The central settlement of this district was formally named Heatherton by an Act of the Nova Scotia Legislature in 1879, but it had been established many years before. A Roman Catholic church had been built in 1842, and a few years later, in 1867, a new church was started, perhaps because they needed something larger. Heatherton was established as a separate parish in 1875. "By 1898, the village contained three stores, one hotel, two sawmills, a cheese factory, and had a railway station on the Eastern Extension Railway to Cape Breton." 1
As the name of the "central place" of its district - and the way we are using it here - the Heatherton area encompasses a number of hamlets and rural areas around it. Bayfield, Summerside, Afton, Beauly, Glassburn, Black River, Black Avon, MacLellan Farm Road, New France, and Fraser's Grant. Fraser's Grant, perhaps the most historically significant location in the district, acquired its name from its first settlers, the five siblings of Bishop William Fraser: Colin, Thomas, John, David, and their sister, Jean (m. Donald Chisholm). Bishop Fraser emigrated to Nova Scotia in 1822, cajoled into coming by his siblings who had already emigrated here, but arriving with a deeper purpose to minister to his fellow Scots. He is reported to have been "profoundly learned, singulary affable, modest and unobtrusive, he never cared for human applause, nor dreaded any man's displeasure". 2 After being consecrated as Bishop in 1827, he made his residence in Antigonish, a few miles west of Heatherton and Fraser's Grant, and made his home there for the rest of his life. He remained there, among his people, despite being Bishop of Halifax for a period and enduring fierce criticism for not taking Halifax as his seat. This position suggests that the Bishop did not just take comfort from being among his countrymen, or from being able to minister in the Gaelic tongue, or from being near his kin, but, rather, from something more. It suggests that being embedded in the clan structures and "Old Catholicism" of the Scottish Highlands was something he needed to sustain himself in his life and his ministry.
In the same way that Durham & the West River of Pictou were overwhelmingly Presbyterian, Heatherton and its surrounds were overwhelmingly Catholic.

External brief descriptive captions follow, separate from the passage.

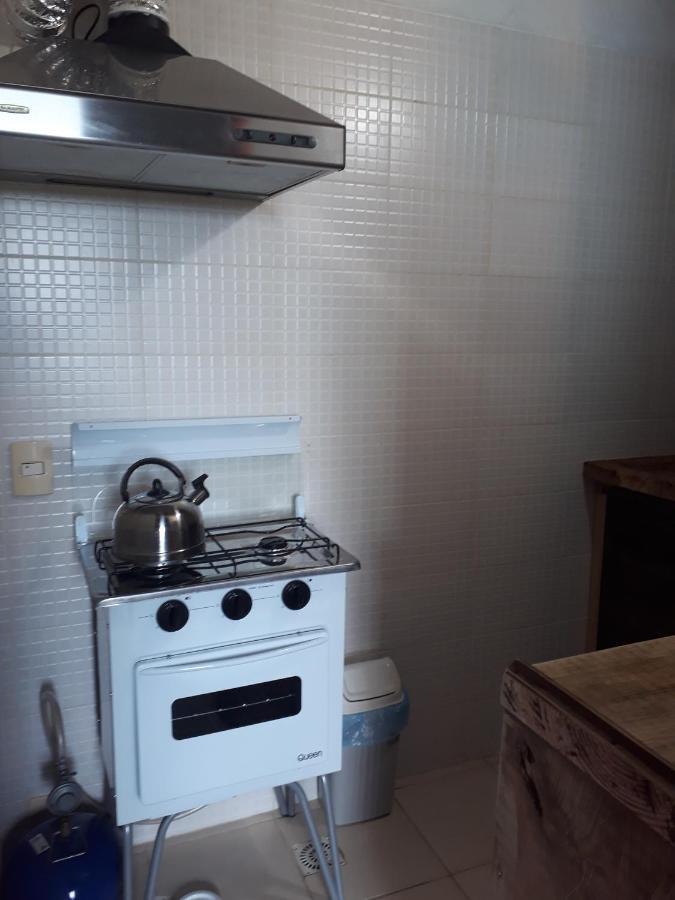Apartmán Proa Amarilla Punta del Este Exteriér fotografie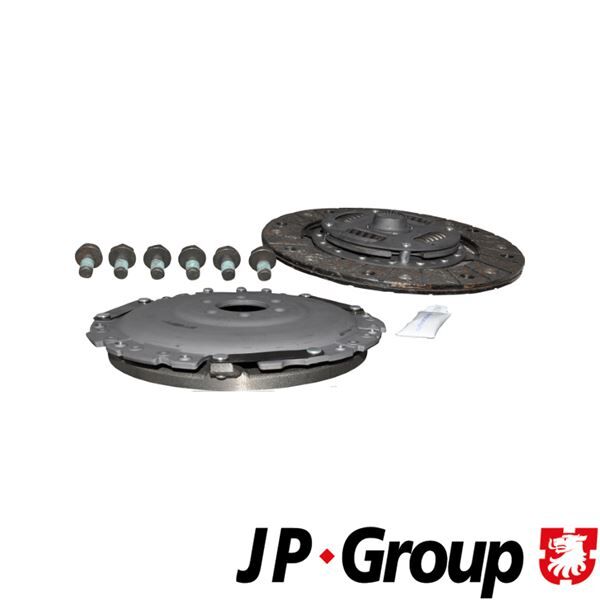 DEBRİYAJ SETİ (621 3014 09) VW  BORA-GOLF IV 1.6 TSI 1992 - 2002
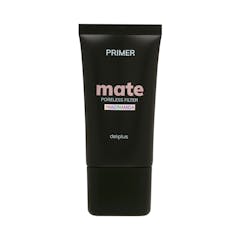 Prebase de maquillaje Mate Deliplus efecto rellenador de poros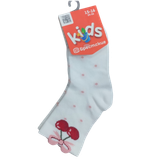 Носки детские «Брестские» kids 24-26 (р.15-16)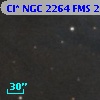 Cl* NGC 2264    FMS  2-774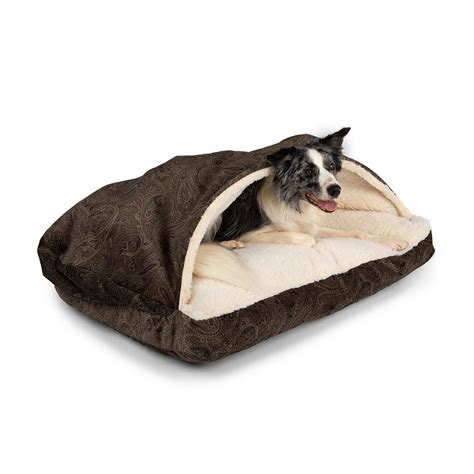 Cozy Cave® Dog Beds | Dog Cave Beds | Snoozer Pet Products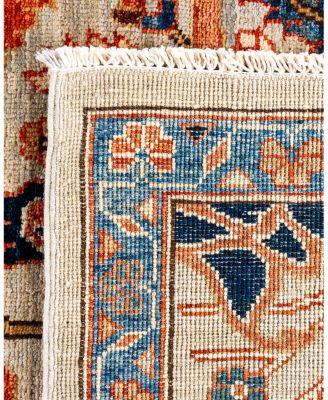 Bloomingdale's Serapi M1945 Area Rug, 8'11" x 12'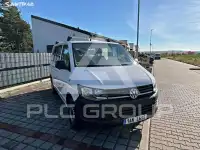 2017 Volkswagen Transporter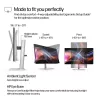 Monitor HP Series 7 Pro 27 pollici QHD Thunderbolt 4 – 727pu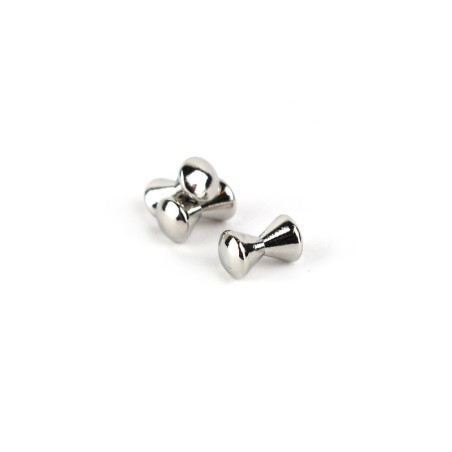 Textreme Brass S.W. Eyes Nickel-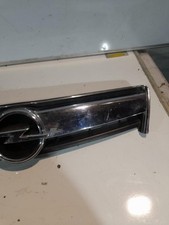 Calandre Opel ANTARA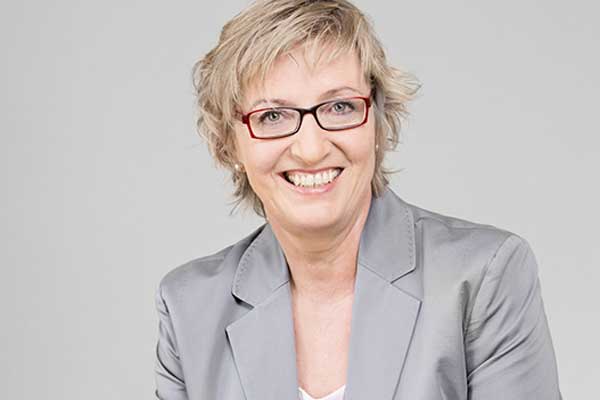 Kathrin Scheel – Expertin für Organisationsentwicklung
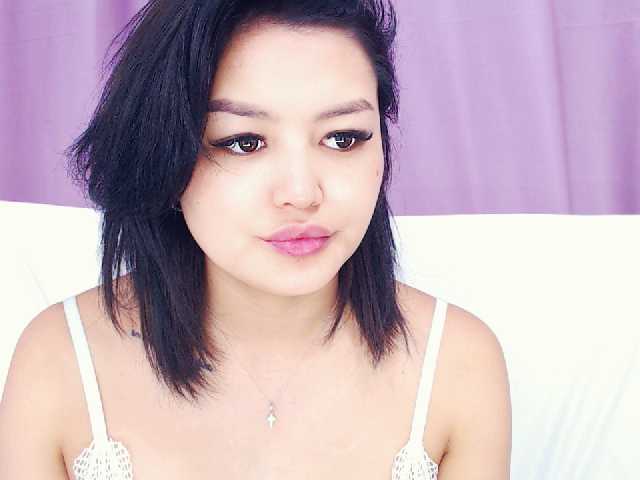 Fotogrāfijas SumiYui Hi Guys! Sumi's first day as a model♥ Please be kind and naughty with me! #asian #teen #tattoo @goal-naked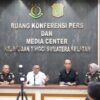 Kejati Sumsel Bongkar Konspirasi Busuk Kasus Internet Desa di Muba : Saksi Dikondisikan, Kebenaran Hampir Dikubur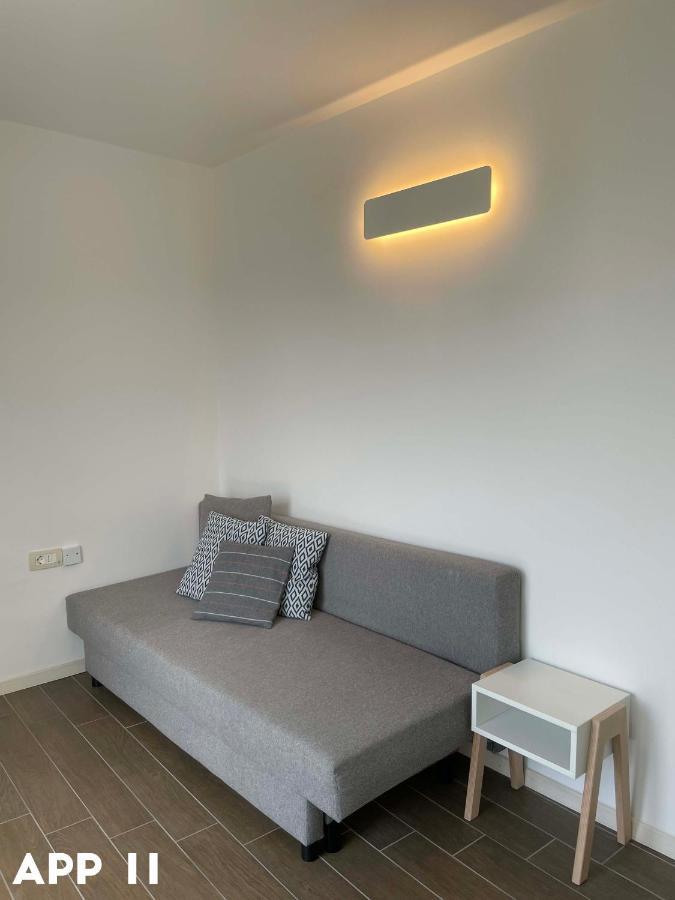 Casa Maly Apartment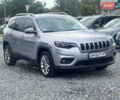 Джип Чероки 2020 в Бердичеве на Automoto.ua Серый Джип Чероки, объемом двигателя 2.4 л и пробегом 51 тыс. км за 16900 $, фото 1 на Automoto.ua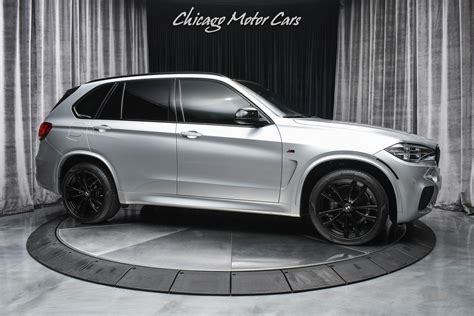 Used 2017 BMW X5 sDrive35i SUV M SPORT PACKAGE! PREMIUM PACKAGE! LOADED ...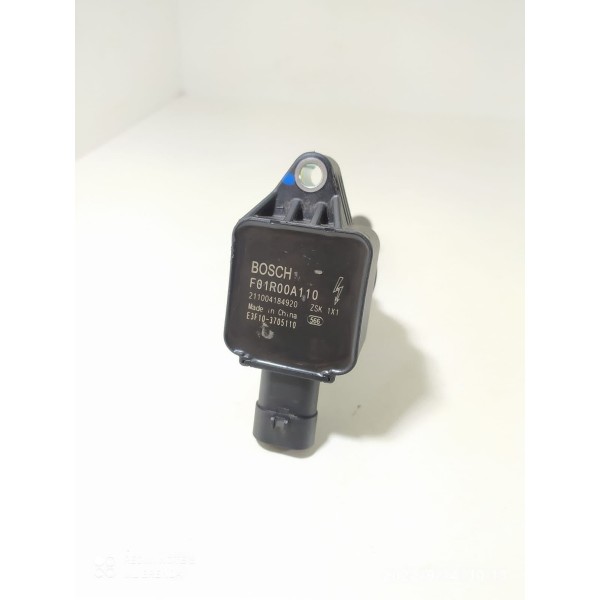 Bobina Ignição Chery Tiggo 3x Pro 2021/2023 Orig / 20214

In fact, the trust of Bishop Fraser in the "Strathglass" culture of Heatherton was borne out much later after his death. Heatherton and her sister communities of St. Andrews and Merland became the centre of determined Catholic agitation in the later part of the 19th century and the early 20th century - agitation which gave birth to a number of the key leaders of the Antigonish Movement. And, through that leadership, changed the course of Nova Scotia history. Heatherton played a role here on the world stage.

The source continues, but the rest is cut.